:: WORK TO BE COMPLETED ::
Output, exactly as written, the lines below from the one that has "Geometric Wallpaper With" through the one that has "Turquoise Polyester Cube"; nothing else, and no pictures.

:: ENTRIES SHOWN ::
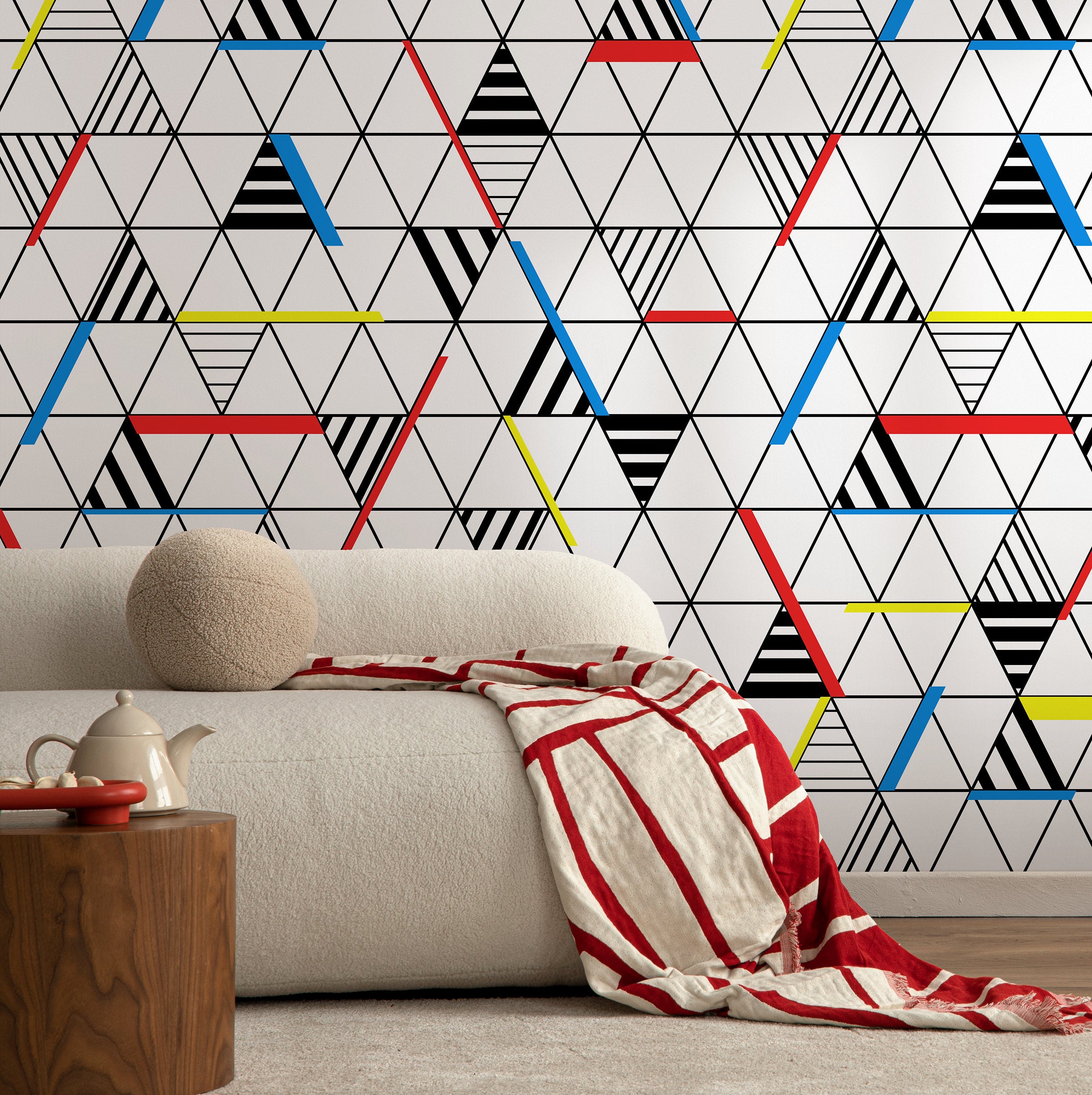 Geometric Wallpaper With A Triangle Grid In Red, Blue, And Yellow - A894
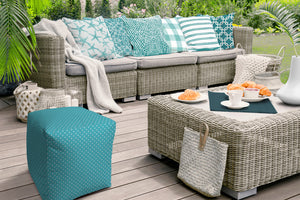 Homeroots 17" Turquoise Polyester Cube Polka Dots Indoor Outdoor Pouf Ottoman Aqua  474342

==

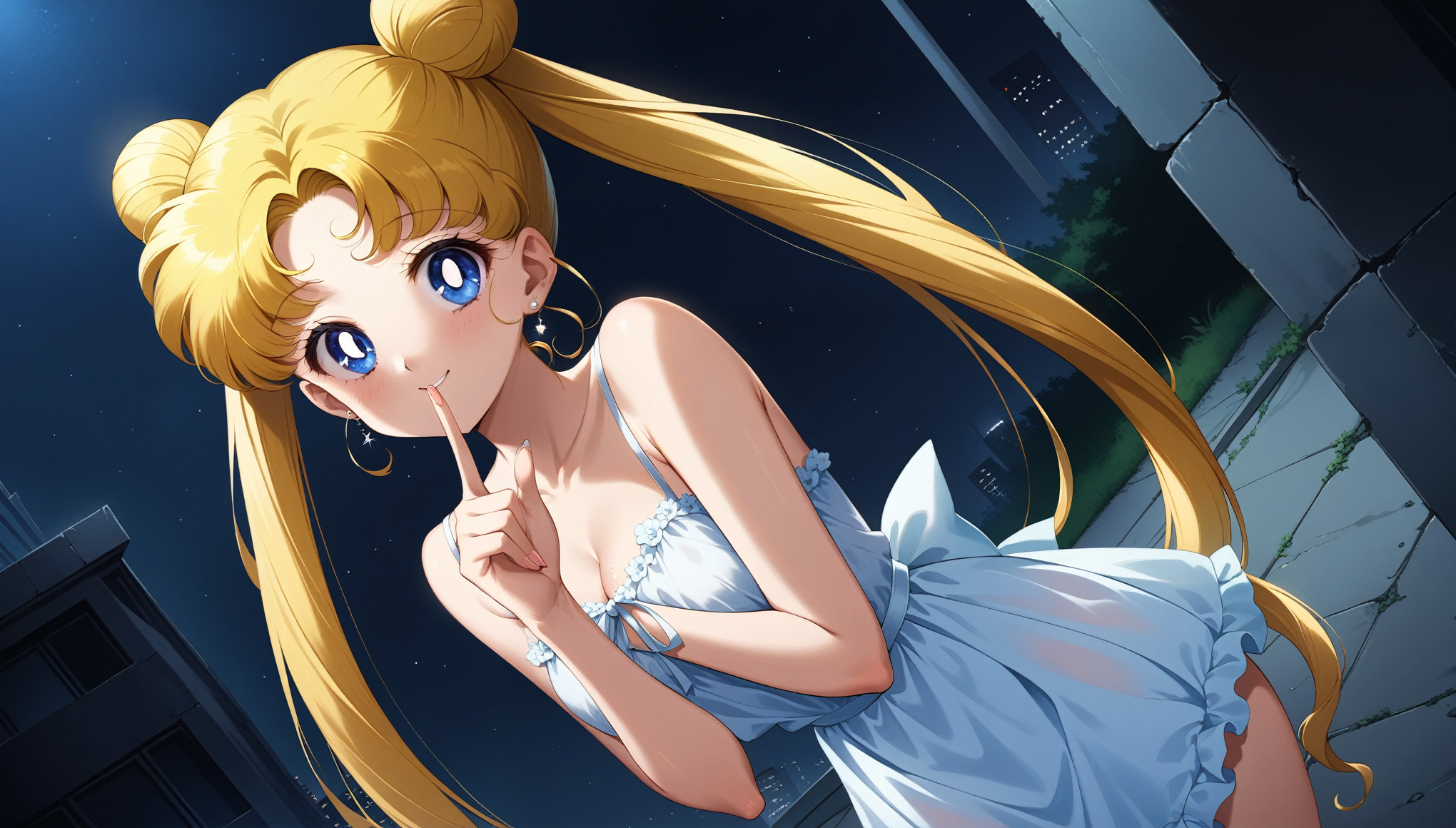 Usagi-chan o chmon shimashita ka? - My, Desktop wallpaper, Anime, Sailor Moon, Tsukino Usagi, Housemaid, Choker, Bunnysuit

--

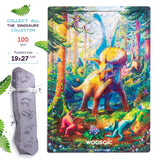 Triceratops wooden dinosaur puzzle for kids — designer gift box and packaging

:: RESPONSE BELOW ::
 Geometric Wallpaper With A Triangle Grid In Red, Blue, And Yellow - A894
 Homeroots 17" Turquoise Polyester Cube Polka Dots Indoor Outdoor Pouf Ottoman Aqua  474342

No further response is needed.